Overall, we have fabricated 15 chips, each of which contained eight devices (120 devices in total). We observed excellent reproducibility of performance characteristics between devices on the same chip and those on different chips prepared through separate fabrication cycles. In particular, high-j EL measurements were conducted on 11 devices from different chips. All of them showed the ASE effect. As illustrated in Extended Data Fig. 10, the tested devices exhibited good consistency between their j–V (P_out–V) dependences, EL spectra, ASE thresholds and the characteristic line narrowing accompanying the transition to the ASE regime.

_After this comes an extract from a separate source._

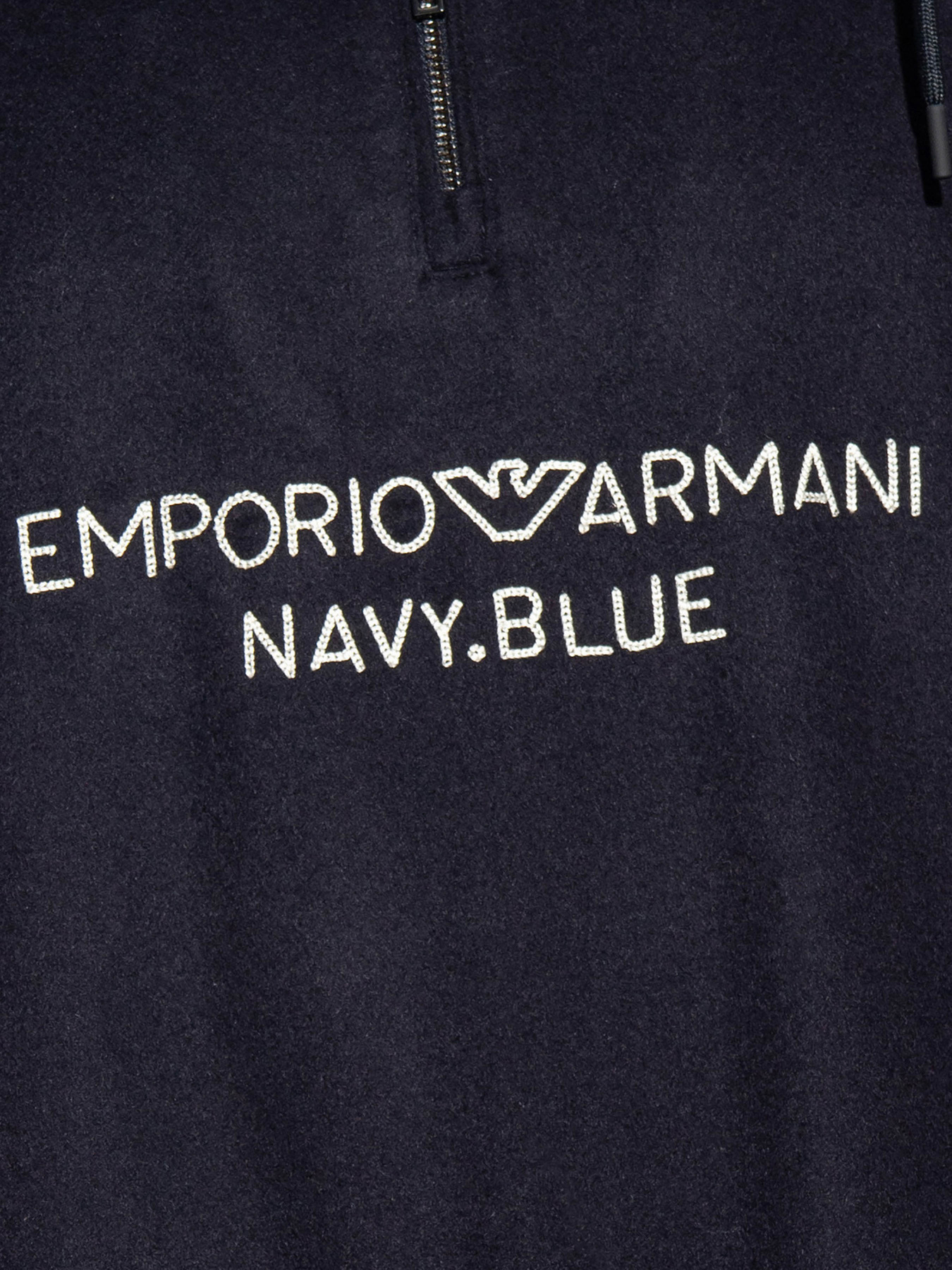 Кофта Emporio Armani модель 6R1MF5-1NTYZ-0920 Фото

It is instructive to examine the external quantum efficiency (EQE) of the BRW device versus the reference LED. Because our devices lack lateral optical confinement within the QD layer and do not use any schemes for improved light outcoupling, the collected edge-emitted light is only a small fraction of the total ASE. Therefore, we will focus on the analysis of normalized EQEs as a function of current density (Fig. 4b). For the reference device, the EQE reaches its peak value at j of about 130 A cm⁻², after which it shows a fast decline and drops to half of the maximal value at j = j_½ = 500 A cm⁻² (Fig. 4b, black triangles). This is the manifestation of a droop effect typically attributed to processes such as nonradiative Auger recombination and/or thermally induced emission quenching^10,29. The BRW device also exhibits the EQE droop. However, its onset is shifted to about 300 A cm⁻² and j_½ is increased to about 1,930 A cm⁻² (Fig. 4b, red circles). These are expected consequences of the ASE regime, which accelerates radiative recombination and thus allows it to compete more favourably with nonradiative processes.

In conclusion, we demonstrate 1S and 1P ASE with an electrically excited gain medium made of solution-cast colloidal QDs. This advance has been enabled by excellent optical-gain properties of ccg-QDs and a specially engineered device stack, which contains a low-loss photonic waveguide. This waveguide is formed by the bottom DBR and the top Ag mirror that flank the QD medium and the adjacent charge transport/injection layers. The use of the BRW allows us to shape the optical-field profile so as to reduce optical losses in charge-conducting layers and enhance mode confinement in the QD medium. These ASE diodes exhibit strong edge emission with instantaneous output power of up to 170 μW, even though they lack lateral optical confinement within the gain-active region and do not use engineered light outcoupling. The next important milestone—the realization of a QD laser oscillator—can be accomplished by supplementing the developed structures with an optical resonator implemented, for example, as either an in-plane distributed feedback grating or a Fabry–Pérot cavity formed by edge reflectors.